Lines of the records that hold the word "Bundle" are to be counted; give the number and nothing more.

** Opening DATA FOR REVIEW block **

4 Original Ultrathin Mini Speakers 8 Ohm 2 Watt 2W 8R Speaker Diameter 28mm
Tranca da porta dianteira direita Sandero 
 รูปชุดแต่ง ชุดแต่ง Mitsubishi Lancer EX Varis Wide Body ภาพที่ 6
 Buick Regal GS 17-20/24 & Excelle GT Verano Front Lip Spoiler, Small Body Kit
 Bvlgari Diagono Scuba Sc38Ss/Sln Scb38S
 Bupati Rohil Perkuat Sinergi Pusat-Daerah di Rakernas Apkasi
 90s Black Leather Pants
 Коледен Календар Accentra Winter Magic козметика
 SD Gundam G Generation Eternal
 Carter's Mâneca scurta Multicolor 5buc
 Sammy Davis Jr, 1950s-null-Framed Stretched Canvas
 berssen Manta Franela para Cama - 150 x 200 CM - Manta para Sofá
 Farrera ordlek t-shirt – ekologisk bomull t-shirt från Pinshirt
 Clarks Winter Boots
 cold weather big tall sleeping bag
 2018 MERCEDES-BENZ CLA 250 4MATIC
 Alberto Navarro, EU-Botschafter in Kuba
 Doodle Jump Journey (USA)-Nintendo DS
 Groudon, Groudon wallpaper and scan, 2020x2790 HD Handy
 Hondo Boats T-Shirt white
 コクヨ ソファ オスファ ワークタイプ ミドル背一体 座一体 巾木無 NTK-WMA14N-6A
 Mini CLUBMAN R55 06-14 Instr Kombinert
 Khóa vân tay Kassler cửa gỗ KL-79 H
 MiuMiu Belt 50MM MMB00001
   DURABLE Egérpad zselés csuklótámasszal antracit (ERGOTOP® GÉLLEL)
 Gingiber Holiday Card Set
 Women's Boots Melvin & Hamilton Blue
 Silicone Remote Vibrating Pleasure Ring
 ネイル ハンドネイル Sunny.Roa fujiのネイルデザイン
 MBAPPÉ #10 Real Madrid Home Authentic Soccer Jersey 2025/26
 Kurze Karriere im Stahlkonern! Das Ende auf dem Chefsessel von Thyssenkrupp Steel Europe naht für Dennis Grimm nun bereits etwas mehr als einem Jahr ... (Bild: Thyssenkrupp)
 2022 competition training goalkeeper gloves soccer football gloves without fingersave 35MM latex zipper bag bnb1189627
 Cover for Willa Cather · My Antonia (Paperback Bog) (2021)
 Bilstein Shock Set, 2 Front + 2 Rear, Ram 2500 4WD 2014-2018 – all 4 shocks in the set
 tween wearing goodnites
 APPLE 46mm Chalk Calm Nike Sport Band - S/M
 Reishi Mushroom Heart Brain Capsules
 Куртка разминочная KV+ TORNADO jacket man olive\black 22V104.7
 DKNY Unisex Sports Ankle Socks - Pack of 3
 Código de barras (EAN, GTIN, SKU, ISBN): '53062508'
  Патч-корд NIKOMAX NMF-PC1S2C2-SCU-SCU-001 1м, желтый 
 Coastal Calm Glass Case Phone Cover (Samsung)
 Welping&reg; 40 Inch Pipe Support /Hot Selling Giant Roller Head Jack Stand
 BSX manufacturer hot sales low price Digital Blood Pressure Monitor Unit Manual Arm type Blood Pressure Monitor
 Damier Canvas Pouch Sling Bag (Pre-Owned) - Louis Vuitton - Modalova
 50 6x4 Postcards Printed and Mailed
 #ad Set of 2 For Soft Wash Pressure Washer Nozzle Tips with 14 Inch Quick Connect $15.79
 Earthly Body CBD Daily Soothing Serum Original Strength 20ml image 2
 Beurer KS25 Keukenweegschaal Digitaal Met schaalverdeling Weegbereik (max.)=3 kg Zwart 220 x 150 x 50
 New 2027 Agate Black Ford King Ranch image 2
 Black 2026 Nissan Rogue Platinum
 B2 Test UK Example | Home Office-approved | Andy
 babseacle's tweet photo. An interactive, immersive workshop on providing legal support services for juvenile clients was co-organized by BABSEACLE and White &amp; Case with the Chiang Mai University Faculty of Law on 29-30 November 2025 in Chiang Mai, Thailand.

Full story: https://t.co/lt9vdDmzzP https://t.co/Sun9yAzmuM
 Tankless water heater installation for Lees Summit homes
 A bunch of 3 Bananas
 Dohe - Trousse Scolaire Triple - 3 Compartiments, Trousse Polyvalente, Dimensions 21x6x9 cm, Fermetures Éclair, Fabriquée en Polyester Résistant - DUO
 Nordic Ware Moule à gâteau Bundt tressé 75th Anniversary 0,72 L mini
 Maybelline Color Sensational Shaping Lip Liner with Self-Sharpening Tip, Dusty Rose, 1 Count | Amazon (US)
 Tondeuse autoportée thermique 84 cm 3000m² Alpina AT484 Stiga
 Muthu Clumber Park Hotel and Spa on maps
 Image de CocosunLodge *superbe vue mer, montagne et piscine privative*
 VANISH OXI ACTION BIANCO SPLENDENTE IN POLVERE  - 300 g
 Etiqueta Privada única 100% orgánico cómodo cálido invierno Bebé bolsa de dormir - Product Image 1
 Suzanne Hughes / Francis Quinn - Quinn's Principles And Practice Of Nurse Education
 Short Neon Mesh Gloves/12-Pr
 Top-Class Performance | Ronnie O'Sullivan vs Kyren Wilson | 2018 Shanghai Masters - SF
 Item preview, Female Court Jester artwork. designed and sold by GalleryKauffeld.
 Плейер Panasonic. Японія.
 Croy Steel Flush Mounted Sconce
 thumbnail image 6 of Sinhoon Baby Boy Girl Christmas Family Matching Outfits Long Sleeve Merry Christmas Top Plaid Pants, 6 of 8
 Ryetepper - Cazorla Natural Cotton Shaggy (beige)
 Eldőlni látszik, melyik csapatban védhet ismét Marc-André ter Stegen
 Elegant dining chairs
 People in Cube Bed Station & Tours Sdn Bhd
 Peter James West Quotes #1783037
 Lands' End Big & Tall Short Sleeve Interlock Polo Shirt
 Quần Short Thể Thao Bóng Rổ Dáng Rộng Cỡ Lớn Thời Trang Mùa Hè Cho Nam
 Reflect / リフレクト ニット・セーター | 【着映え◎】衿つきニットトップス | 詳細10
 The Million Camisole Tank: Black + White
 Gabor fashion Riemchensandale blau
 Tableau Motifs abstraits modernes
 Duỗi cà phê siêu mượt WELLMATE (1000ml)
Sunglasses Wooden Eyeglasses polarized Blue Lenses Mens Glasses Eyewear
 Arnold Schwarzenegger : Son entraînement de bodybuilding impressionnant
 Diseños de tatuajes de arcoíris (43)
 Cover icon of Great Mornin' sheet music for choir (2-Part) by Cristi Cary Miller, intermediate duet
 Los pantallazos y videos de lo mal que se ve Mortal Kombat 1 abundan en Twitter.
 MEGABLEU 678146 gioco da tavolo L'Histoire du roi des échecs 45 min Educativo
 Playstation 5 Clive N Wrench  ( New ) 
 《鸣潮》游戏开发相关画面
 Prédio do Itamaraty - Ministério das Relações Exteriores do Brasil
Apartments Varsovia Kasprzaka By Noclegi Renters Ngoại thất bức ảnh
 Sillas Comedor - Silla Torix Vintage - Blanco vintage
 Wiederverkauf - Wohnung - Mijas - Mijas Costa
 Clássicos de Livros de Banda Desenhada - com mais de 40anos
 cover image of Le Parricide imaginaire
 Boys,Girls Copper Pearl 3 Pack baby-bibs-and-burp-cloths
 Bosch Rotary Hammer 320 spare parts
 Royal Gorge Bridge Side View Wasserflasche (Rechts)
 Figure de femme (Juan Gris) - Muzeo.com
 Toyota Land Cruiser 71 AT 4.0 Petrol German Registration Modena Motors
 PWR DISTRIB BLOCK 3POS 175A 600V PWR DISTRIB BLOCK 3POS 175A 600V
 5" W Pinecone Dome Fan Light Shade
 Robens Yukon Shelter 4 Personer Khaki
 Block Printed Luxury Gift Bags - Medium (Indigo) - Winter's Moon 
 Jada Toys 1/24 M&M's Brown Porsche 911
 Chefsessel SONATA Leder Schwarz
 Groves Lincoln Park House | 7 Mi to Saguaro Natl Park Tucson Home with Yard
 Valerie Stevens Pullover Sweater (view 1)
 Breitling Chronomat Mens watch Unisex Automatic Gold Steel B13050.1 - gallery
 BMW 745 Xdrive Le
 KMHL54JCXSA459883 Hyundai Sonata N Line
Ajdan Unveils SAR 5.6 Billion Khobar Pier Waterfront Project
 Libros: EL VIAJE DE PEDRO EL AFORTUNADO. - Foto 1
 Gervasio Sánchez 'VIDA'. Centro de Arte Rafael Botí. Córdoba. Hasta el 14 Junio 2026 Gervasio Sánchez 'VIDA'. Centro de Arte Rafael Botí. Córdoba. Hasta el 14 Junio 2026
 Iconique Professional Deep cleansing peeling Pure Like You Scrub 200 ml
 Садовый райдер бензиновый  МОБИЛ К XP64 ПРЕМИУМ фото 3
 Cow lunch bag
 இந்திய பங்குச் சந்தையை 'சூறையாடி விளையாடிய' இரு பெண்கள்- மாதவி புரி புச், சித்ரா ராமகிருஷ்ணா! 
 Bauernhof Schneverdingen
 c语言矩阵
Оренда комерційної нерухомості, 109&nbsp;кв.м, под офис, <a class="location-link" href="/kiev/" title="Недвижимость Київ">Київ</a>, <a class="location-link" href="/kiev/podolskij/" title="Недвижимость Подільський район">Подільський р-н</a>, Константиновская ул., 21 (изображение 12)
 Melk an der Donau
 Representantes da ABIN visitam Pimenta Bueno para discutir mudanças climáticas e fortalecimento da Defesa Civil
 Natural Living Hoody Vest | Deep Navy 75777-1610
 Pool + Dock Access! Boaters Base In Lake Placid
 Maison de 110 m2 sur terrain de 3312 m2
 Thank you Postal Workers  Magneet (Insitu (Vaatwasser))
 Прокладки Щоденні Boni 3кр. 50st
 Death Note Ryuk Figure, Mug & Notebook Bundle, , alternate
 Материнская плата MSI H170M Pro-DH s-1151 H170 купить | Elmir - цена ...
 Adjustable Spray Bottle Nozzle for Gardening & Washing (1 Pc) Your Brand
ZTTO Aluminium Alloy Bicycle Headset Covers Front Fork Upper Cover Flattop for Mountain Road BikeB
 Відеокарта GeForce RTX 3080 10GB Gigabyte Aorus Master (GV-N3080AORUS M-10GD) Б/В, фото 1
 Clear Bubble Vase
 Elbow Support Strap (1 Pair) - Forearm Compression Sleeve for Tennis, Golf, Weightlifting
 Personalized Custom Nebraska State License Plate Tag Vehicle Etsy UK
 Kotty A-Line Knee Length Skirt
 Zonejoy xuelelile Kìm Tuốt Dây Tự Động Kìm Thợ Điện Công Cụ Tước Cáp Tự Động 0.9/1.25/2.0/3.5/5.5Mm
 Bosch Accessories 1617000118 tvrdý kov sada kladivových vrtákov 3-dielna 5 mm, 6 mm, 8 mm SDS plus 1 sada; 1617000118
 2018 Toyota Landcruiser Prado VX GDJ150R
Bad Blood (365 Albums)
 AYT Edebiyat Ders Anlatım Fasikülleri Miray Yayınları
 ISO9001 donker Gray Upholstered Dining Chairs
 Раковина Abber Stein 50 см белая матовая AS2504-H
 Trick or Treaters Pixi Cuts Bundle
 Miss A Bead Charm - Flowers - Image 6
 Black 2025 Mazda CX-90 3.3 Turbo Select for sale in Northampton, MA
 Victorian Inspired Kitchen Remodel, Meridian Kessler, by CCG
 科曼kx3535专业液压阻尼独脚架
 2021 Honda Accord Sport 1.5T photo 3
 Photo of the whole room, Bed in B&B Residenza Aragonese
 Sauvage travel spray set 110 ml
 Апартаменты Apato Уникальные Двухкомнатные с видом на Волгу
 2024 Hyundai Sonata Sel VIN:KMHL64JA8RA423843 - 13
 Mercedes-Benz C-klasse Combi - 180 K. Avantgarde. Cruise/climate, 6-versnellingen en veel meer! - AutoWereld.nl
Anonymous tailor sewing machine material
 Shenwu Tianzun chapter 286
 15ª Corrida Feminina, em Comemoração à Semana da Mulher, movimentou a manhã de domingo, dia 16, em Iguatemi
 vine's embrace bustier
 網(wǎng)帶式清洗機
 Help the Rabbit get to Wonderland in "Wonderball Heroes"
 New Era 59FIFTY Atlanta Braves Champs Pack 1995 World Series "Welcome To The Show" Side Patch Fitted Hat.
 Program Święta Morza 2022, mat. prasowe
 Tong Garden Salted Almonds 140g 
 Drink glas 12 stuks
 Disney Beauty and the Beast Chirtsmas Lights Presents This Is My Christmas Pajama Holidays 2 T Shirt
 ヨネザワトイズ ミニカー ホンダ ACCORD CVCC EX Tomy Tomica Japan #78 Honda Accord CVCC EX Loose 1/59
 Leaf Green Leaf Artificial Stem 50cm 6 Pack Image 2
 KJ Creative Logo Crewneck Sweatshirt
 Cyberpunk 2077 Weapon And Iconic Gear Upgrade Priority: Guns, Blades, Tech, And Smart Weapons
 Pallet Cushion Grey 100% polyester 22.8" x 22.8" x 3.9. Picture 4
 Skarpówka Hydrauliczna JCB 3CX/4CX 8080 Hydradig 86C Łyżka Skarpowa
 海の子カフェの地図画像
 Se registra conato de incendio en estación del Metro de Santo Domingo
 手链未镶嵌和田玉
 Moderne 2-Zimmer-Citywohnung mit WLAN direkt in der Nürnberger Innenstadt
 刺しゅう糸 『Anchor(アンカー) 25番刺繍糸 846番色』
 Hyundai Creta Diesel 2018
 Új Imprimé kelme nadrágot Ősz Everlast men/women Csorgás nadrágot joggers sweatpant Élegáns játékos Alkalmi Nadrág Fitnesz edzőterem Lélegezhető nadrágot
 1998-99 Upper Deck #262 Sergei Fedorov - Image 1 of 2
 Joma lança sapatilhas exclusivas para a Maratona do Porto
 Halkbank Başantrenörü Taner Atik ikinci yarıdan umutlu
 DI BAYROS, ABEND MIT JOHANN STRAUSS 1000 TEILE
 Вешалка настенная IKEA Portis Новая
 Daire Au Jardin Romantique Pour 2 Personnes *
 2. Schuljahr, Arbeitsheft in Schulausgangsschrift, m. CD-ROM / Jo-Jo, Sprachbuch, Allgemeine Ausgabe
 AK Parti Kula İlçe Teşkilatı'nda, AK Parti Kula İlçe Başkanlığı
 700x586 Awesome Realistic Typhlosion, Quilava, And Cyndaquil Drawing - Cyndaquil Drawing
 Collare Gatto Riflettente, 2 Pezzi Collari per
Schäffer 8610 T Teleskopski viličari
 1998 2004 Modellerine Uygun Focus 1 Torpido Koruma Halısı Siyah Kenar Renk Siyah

** Closing DATA FOR REVIEW block **

■ **ANSWER BOX**: 2